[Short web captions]
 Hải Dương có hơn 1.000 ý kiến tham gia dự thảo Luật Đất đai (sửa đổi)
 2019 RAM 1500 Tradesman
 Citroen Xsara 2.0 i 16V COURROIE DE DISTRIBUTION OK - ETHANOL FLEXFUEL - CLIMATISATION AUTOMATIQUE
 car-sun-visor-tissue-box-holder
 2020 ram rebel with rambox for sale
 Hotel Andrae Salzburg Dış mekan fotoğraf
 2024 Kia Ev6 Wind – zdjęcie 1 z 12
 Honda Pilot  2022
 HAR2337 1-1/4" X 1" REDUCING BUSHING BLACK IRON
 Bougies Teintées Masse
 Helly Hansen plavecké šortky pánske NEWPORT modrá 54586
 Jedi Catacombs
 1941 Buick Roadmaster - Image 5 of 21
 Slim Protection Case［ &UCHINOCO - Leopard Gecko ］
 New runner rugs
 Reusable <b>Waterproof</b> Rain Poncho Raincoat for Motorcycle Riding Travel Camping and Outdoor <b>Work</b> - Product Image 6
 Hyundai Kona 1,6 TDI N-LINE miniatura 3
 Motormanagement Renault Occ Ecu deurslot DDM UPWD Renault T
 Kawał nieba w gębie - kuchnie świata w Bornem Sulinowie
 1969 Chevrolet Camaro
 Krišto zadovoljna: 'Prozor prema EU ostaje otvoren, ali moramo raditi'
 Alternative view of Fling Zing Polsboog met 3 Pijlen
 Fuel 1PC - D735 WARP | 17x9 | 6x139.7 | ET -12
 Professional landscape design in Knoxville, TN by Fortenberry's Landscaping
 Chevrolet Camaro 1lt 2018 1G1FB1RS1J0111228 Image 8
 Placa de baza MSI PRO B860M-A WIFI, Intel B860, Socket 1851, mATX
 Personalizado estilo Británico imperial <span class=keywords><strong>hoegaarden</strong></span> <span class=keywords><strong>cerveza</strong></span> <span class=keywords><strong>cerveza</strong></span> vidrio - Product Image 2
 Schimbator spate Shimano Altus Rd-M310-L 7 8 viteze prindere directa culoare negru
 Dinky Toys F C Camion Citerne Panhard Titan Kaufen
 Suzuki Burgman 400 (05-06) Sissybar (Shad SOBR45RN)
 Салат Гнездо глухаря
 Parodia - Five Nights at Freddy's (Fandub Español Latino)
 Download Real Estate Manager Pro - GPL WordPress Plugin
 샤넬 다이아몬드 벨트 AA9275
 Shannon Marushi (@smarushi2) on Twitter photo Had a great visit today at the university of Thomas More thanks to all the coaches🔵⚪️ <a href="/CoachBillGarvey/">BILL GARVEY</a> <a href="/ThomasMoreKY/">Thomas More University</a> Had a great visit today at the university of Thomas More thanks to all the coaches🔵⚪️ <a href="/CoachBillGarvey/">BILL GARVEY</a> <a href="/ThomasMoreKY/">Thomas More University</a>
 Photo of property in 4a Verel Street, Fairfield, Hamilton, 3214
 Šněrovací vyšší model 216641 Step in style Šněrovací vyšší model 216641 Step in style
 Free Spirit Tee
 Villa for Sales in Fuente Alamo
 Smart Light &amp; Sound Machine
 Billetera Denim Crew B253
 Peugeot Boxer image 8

Problem to work on ::
Give each line of the records above again, unchanged.

Reply to the task ::
 Hải Dương có hơn 1.000 ý kiến tham gia dự thảo Luật Đất đai (sửa đổi)
 2019 RAM 1500 Tradesman
 Citroen Xsara 2.0 i 16V COURROIE DE DISTRIBUTION OK - ETHANOL FLEXFUEL - CLIMATISATION AUTOMATIQUE
 car-sun-visor-tissue-box-holder
 2020 ram rebel with rambox for sale
 Hotel Andrae Salzburg Dış mekan fotoğraf
 2024 Kia Ev6 Wind – zdjęcie 1 z 12
 Honda Pilot  2022
 HAR2337 1-1/4" X 1" REDUCING BUSHING BLACK IRON
 Bougies Teintées Masse
 Helly Hansen plavecké šortky pánske NEWPORT modrá 54586
 Jedi Catacombs
 1941 Buick Roadmaster - Image 5 of 21
 Slim Protection Case［ &UCHINOCO - Leopard Gecko ］
 New runner rugs
 Reusable <b>Waterproof</b> Rain Poncho Raincoat for Motorcycle Riding Travel Camping and Outdoor <b>Work</b> - Product Image 6
 Hyundai Kona 1,6 TDI N-LINE miniatura 3
 Motormanagement Renault Occ Ecu deurslot DDM UPWD Renault T
 Kawał nieba w gębie - kuchnie świata w Bornem Sulinowie
 1969 Chevrolet Camaro
 Krišto zadovoljna: 'Prozor prema EU ostaje otvoren, ali moramo raditi'
 Alternative view of Fling Zing Polsboog met 3 Pijlen
 Fuel 1PC - D735 WARP | 17x9 | 6x139.7 | ET -12
 Professional landscape design in Knoxville, TN by Fortenberry's Landscaping
 Chevrolet Camaro 1lt 2018 1G1FB1RS1J0111228 Image 8
 Placa de baza MSI PRO B860M-A WIFI, Intel B860, Socket 1851, mATX
 Personalizado estilo Británico imperial <span class=keywords><strong>hoegaarden</strong></span> <span class=keywords><strong>cerveza</strong></span> <span class=keywords><strong>cerveza</strong></span> vidrio - Product Image 2
 Schimbator spate Shimano Altus Rd-M310-L 7 8 viteze prindere directa culoare negru
 Dinky Toys F C Camion Citerne Panhard Titan Kaufen
 Suzuki Burgman 400 (05-06) Sissybar (Shad SOBR45RN)
 Салат Гнездо глухаря
 Parodia - Five Nights at Freddy's (Fandub Español Latino)
 Download Real Estate Manager Pro - GPL WordPress Plugin
 샤넬 다이아몬드 벨트 AA9275
 Shannon Marushi (@smarushi2) on Twitter photo Had a great visit today at the university of Thomas More thanks to all the coaches🔵⚪️ <a href="/CoachBillGarvey/">BILL GARVEY</a> <a href="/ThomasMoreKY/">Thomas More University</a> Had a great visit today at the university of Thomas More thanks to all the coaches🔵⚪️ <a href="/CoachBillGarvey/">BILL GARVEY</a> <a href="/ThomasMoreKY/">Thomas More University</a>
 Photo of property in 4a Verel Street, Fairfield, Hamilton, 3214
 Šněrovací vyšší model 216641 Step in style Šněrovací vyšší model 216641 Step in style
 Free Spirit Tee
 Villa for Sales in Fuente Alamo
 Smart Light &amp; Sound Machine
 Billetera Denim Crew B253
 Peugeot Boxer image 8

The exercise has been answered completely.